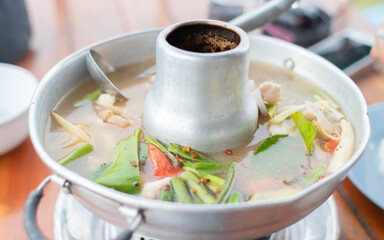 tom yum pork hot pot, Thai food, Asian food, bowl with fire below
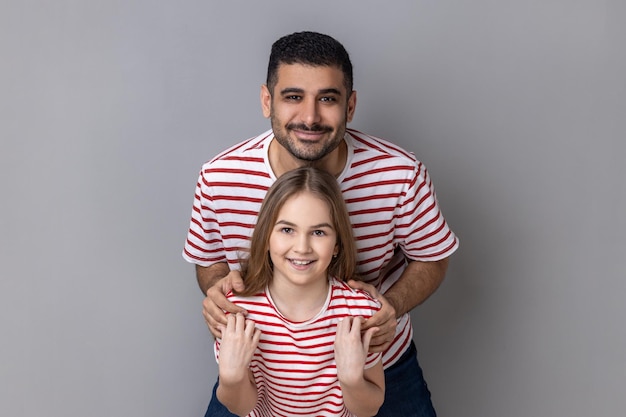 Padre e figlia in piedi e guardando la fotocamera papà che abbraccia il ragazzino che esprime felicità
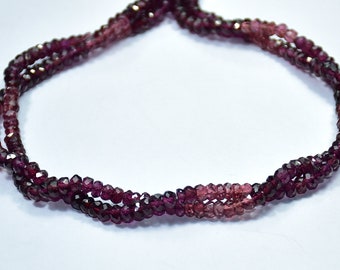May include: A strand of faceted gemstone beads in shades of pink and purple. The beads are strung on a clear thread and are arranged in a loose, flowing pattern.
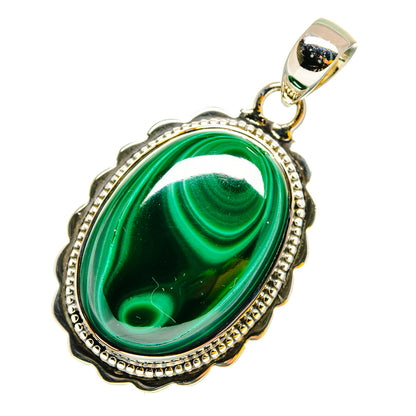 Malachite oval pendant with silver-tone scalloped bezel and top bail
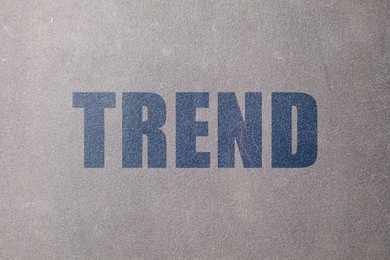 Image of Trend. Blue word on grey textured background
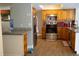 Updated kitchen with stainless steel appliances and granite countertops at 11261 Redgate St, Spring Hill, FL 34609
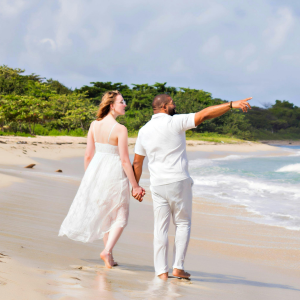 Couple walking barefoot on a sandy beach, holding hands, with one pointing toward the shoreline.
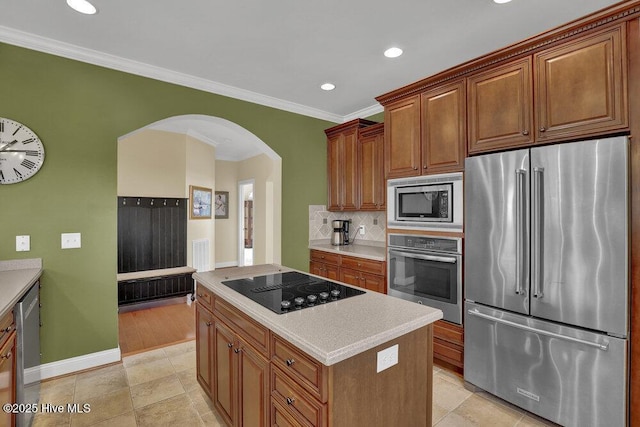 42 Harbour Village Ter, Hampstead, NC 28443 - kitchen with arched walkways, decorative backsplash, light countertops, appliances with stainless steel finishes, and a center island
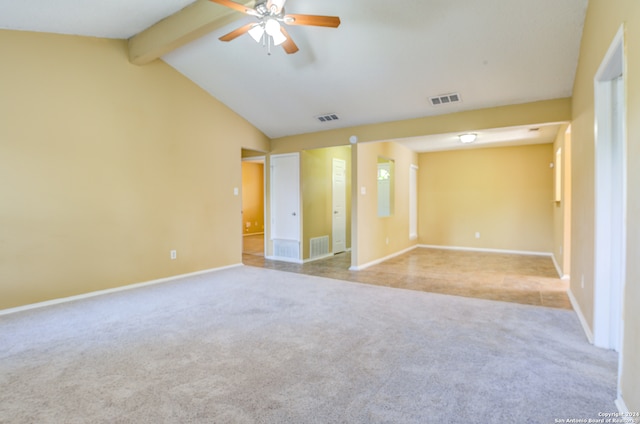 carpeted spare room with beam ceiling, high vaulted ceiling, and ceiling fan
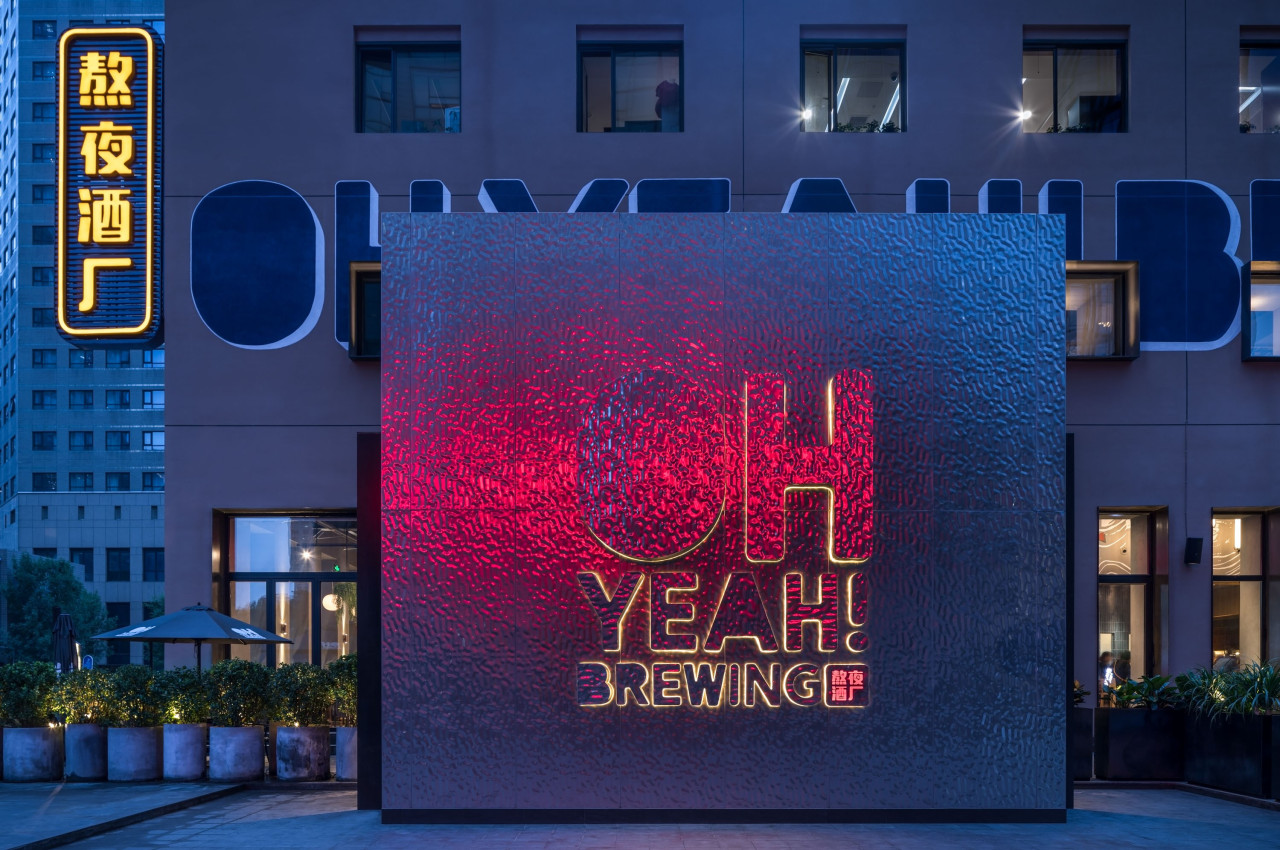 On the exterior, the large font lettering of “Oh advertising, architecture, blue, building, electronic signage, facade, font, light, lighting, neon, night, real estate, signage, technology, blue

*What to do*:
All that belongs in the answer is the exact run of lines from the line containing "May include: A" to the end of the listing above, pictures removed.

*Solution to the exercise*:
May include: A strand of faceted gemstone beads in shades of pink and purple. The beads are strung on a clear thread and are arranged in a loose, flowing pattern.
 Malachite oval pendant with silver-tone scalloped bezel and top bail
 Image of Trend. Blue word on grey textured background
 Updated kitchen with stainless steel appliances and granite countertops at 11261 Redgate St, Spring Hill, FL 34609
 Couple walking barefoot on a sandy beach, holding hands, with one pointing toward the shoreline.
 42 Harbour Village Ter, Hampstead, NC 28443 - kitchen with arched walkways, decorative backsplash, light countertops, appliances with stainless steel finishes, and a center island
 carpeted spare room with beam ceiling, high vaulted ceiling, and ceiling fan
 On the exterior, the large font lettering of “Oh advertising, architecture, blue, building, electronic signage, facade, font, light, lighting, neon, night, real estate, signage, technology, blue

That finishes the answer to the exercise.